#### EXERCISE:
After locating the line with "Zeichnung eines Motorradfahrers" in the entries below, set down exactly that line and each one after it to the end, skipping pictures.

#### RECORDED INFORMATION:
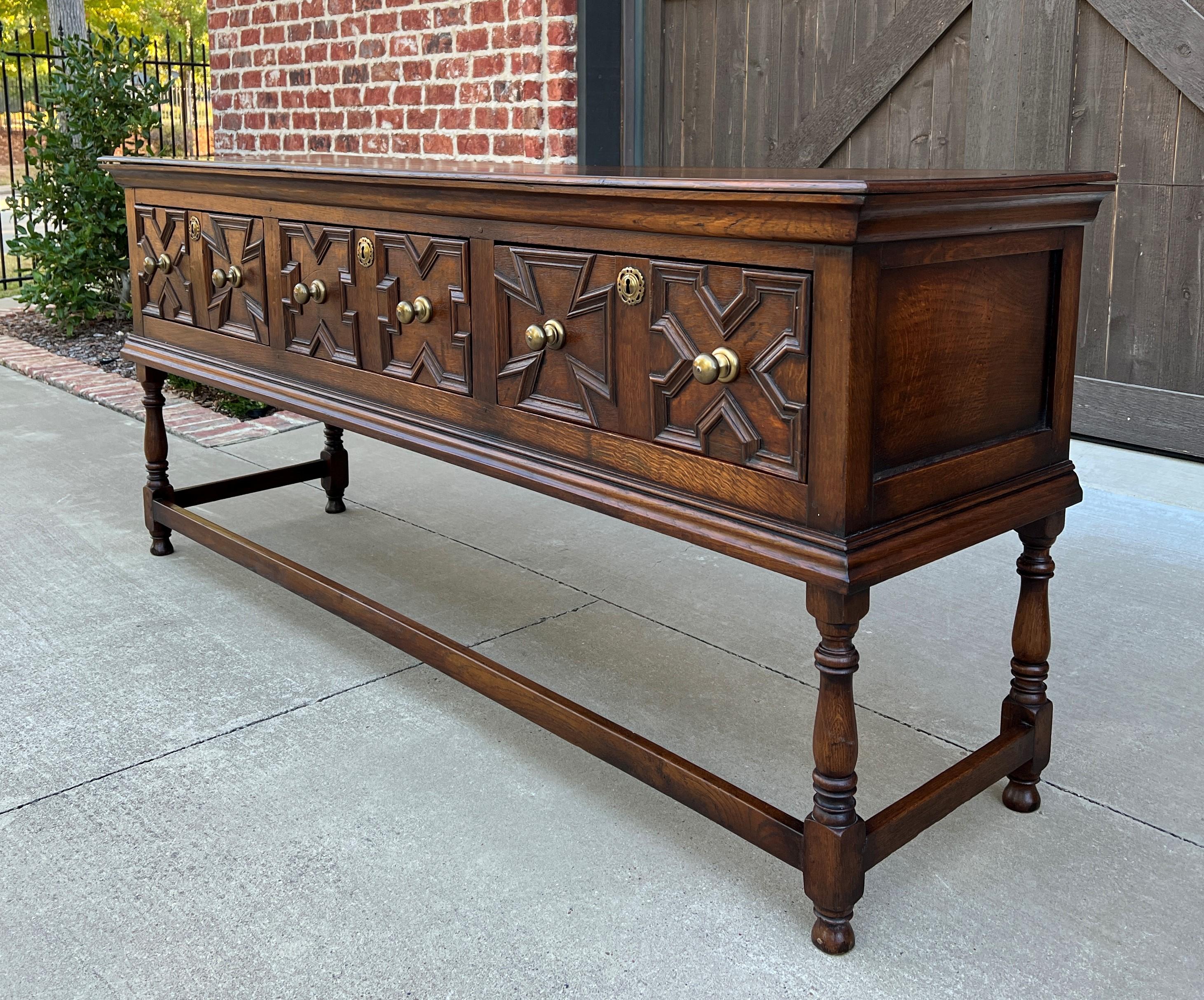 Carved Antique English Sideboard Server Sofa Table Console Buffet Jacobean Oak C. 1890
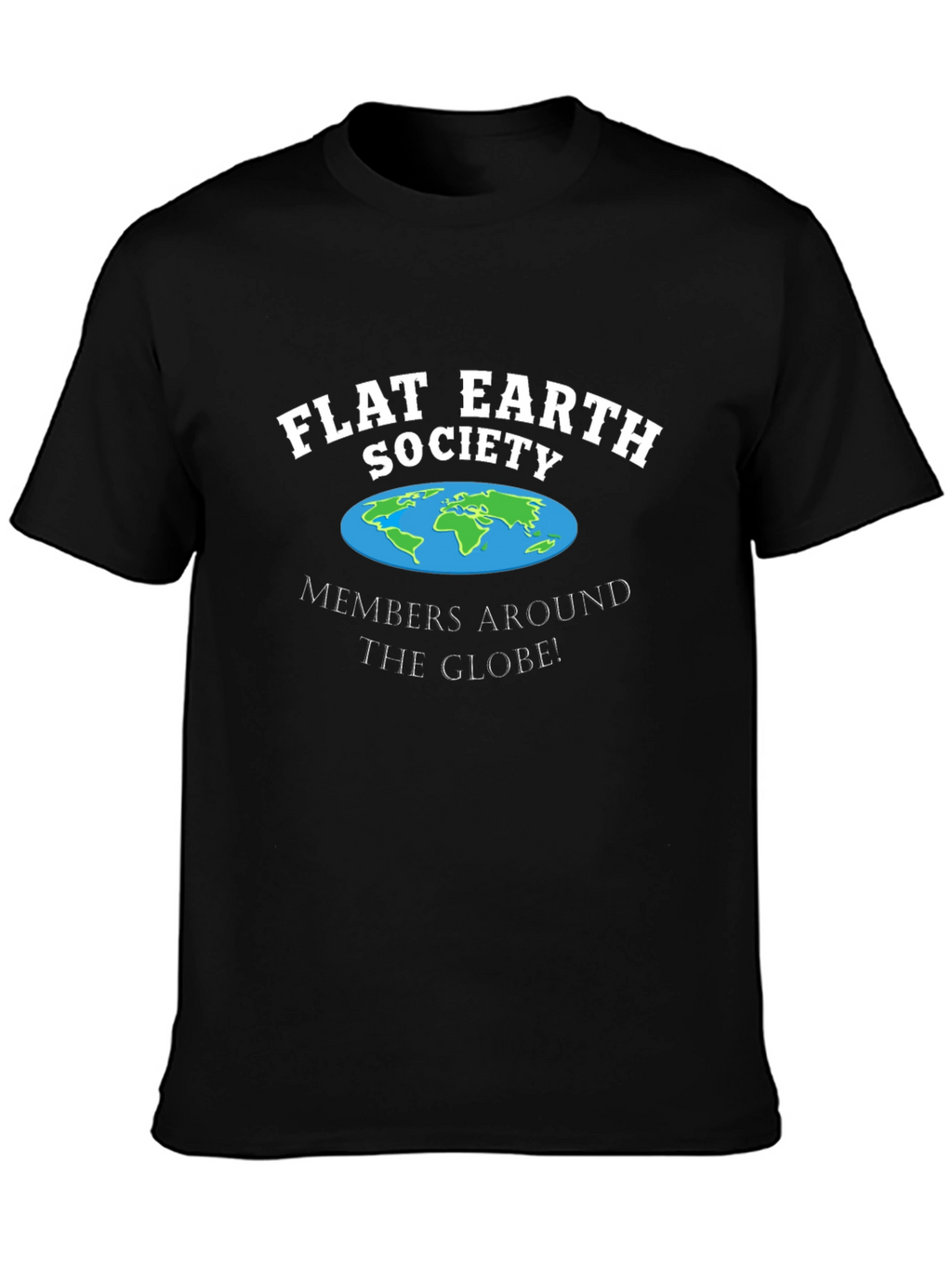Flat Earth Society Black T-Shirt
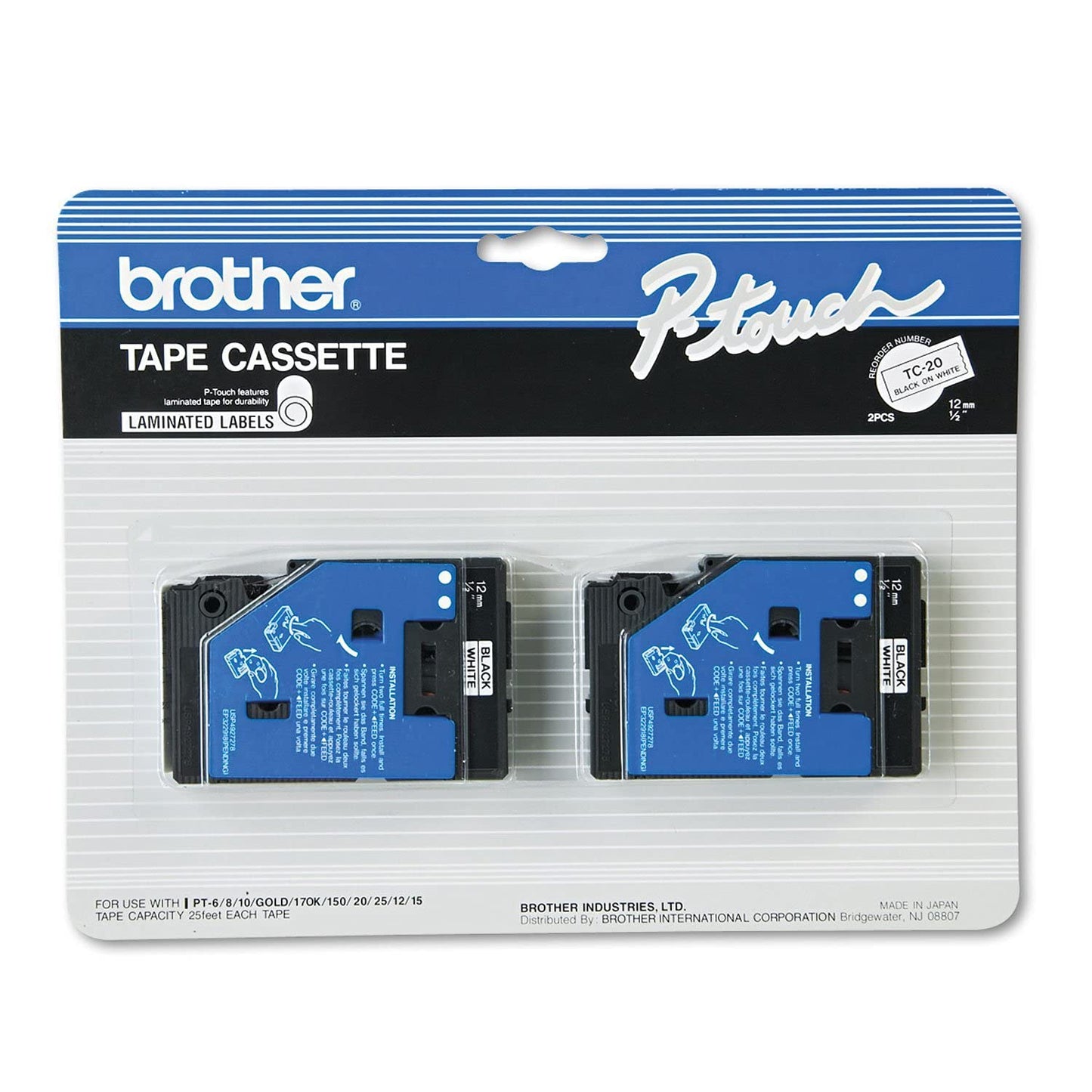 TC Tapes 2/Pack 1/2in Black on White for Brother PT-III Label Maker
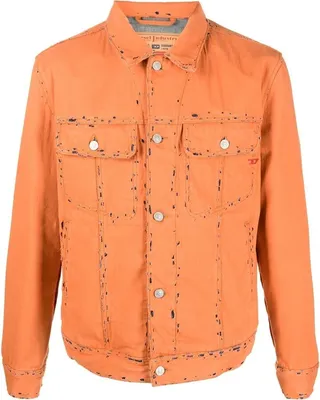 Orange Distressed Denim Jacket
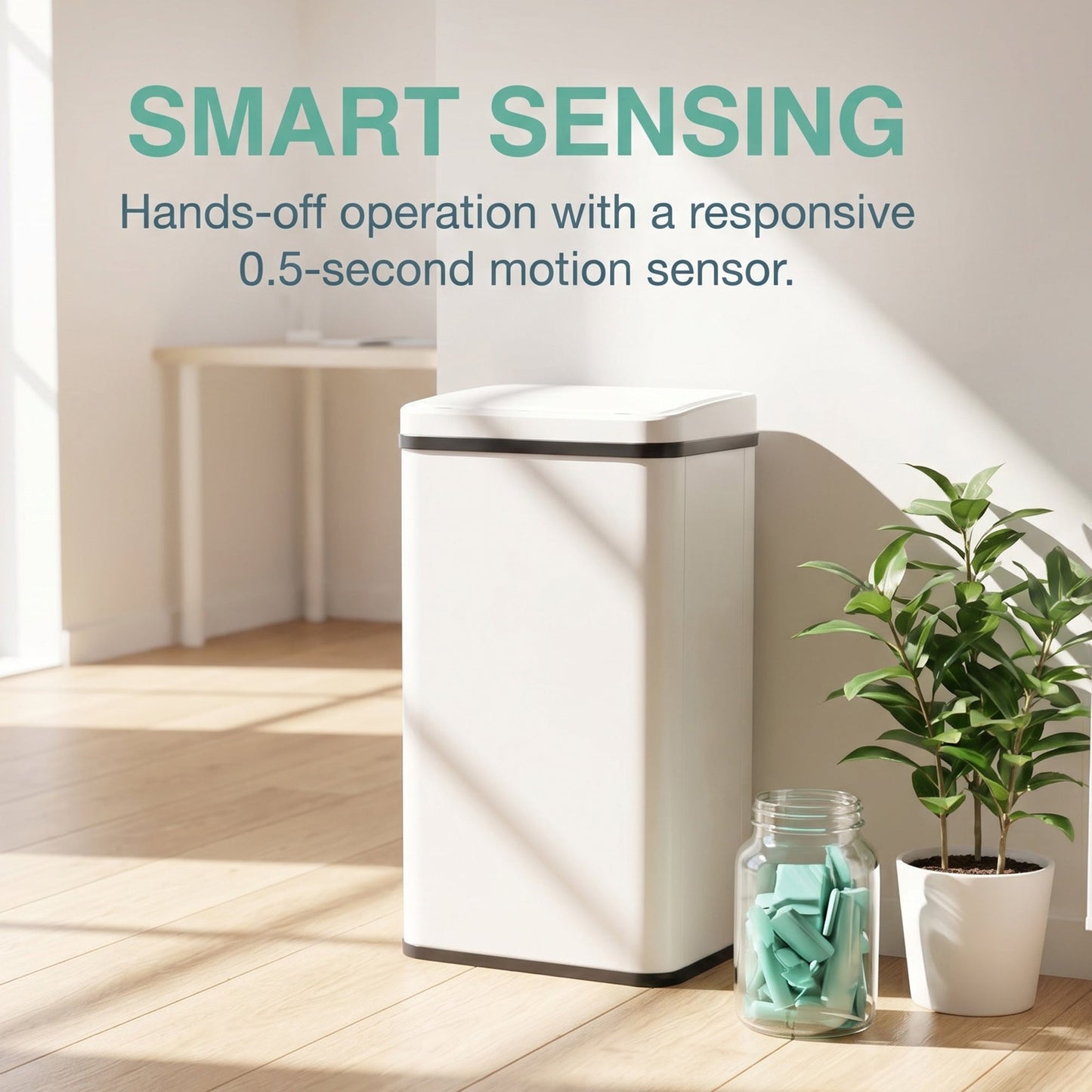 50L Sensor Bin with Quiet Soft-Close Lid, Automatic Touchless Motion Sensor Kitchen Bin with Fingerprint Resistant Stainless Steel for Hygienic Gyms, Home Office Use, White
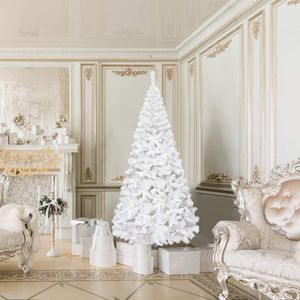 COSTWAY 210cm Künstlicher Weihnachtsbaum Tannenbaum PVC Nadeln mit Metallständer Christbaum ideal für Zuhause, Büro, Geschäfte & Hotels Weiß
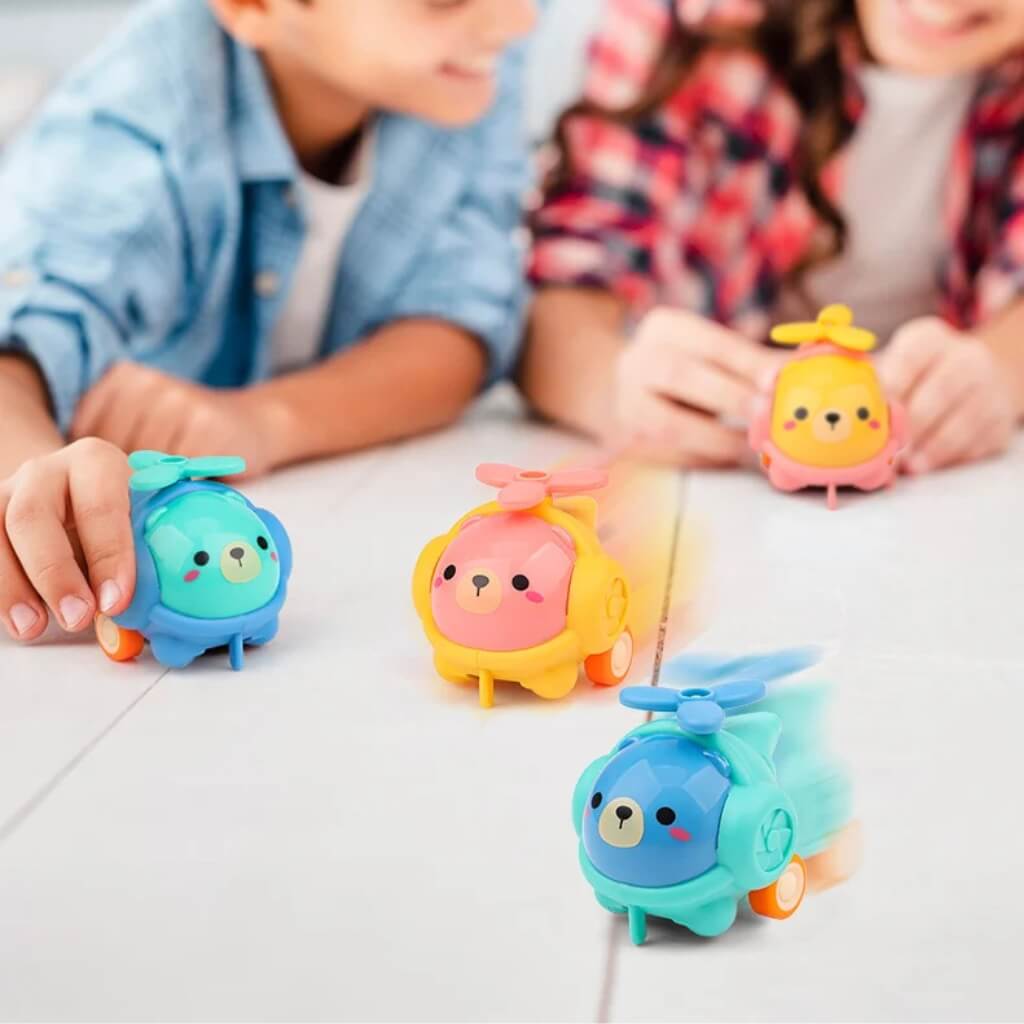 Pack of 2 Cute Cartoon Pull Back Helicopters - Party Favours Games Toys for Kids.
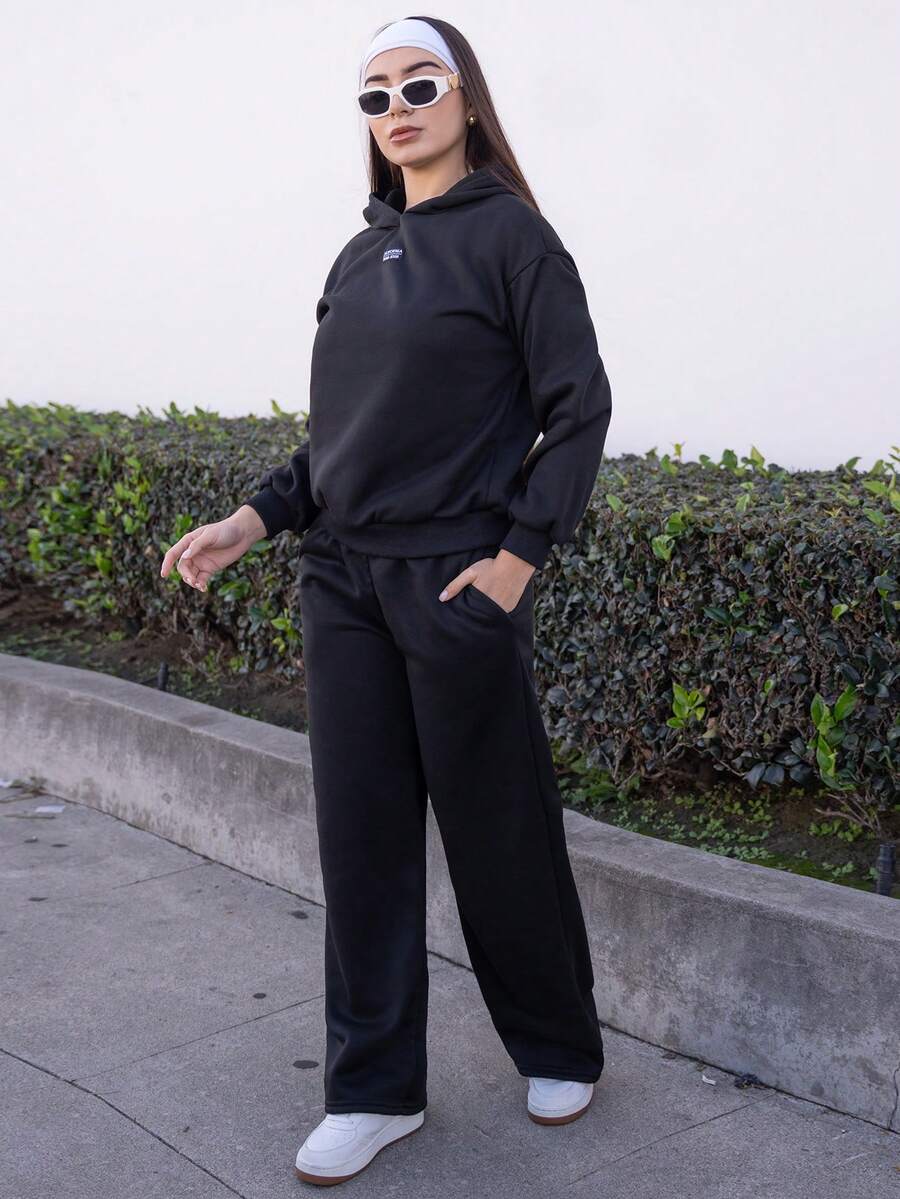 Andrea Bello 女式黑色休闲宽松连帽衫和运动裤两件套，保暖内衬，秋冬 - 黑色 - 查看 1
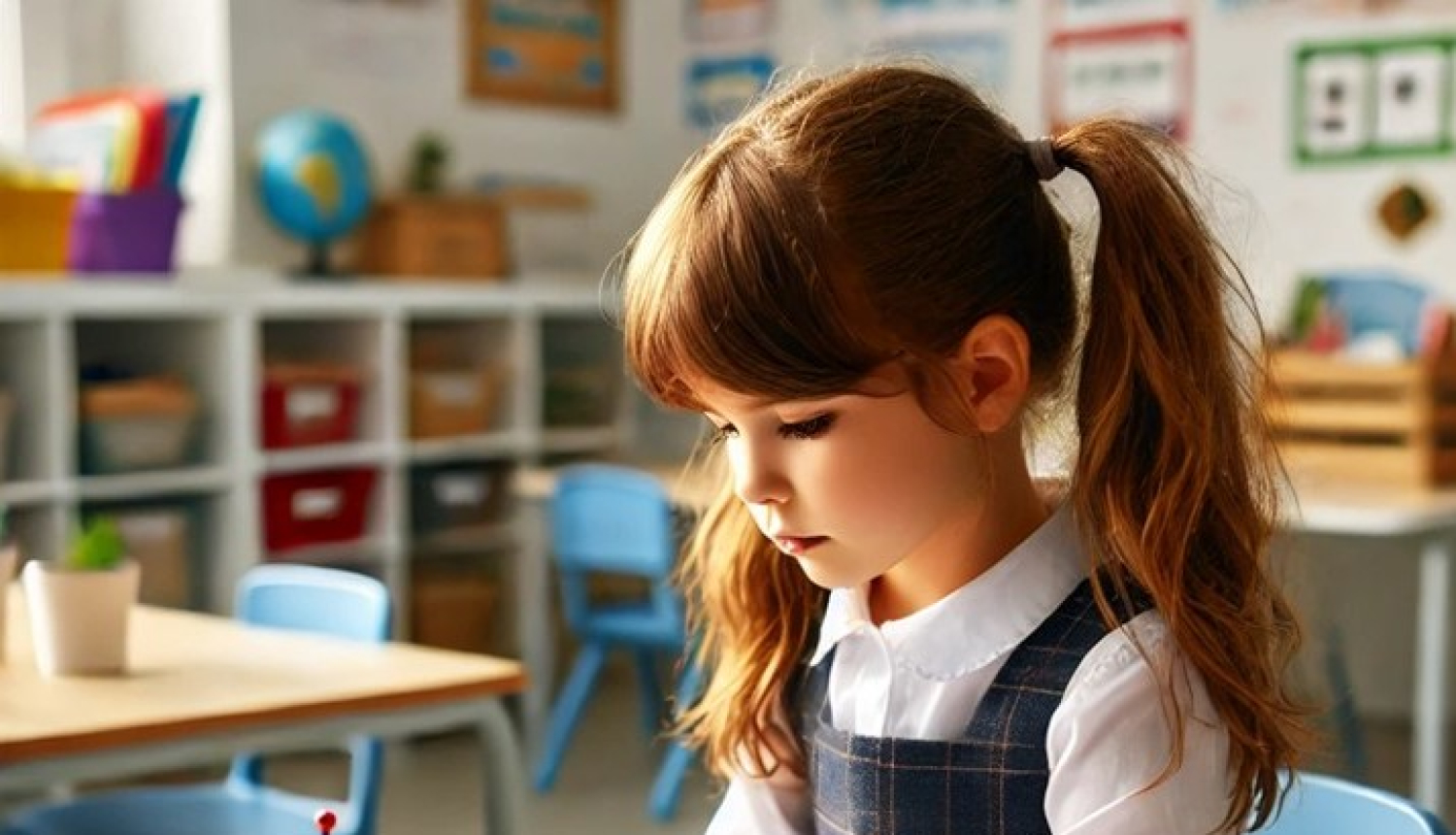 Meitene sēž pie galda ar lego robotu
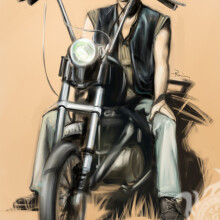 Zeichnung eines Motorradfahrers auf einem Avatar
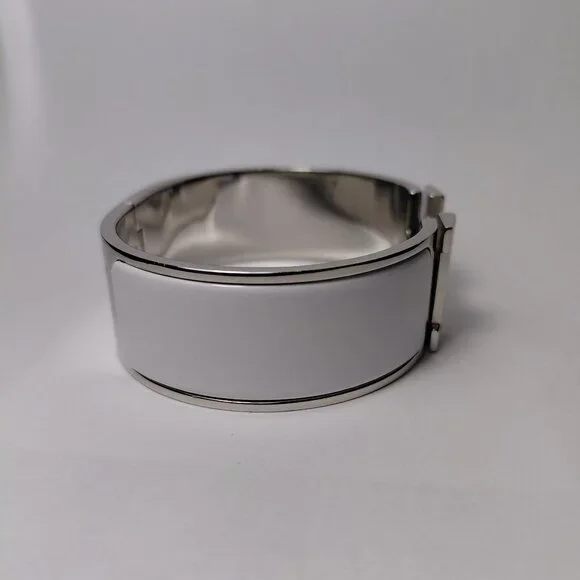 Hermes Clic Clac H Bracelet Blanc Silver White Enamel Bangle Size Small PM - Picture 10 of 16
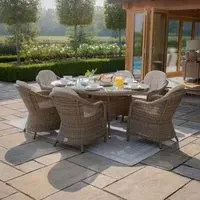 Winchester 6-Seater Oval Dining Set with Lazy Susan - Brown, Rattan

#### YOUR RESPONSE:
 Zeichnung eines Motorradfahrers auf einem Avatar
 Hermes Clic Clac H Bracelet Blanc Silver White Enamel Bangle Size Small PM - Picture 10 of 16
 Winchester 6-Seater Oval Dining Set with Lazy Susan - Brown, Rattan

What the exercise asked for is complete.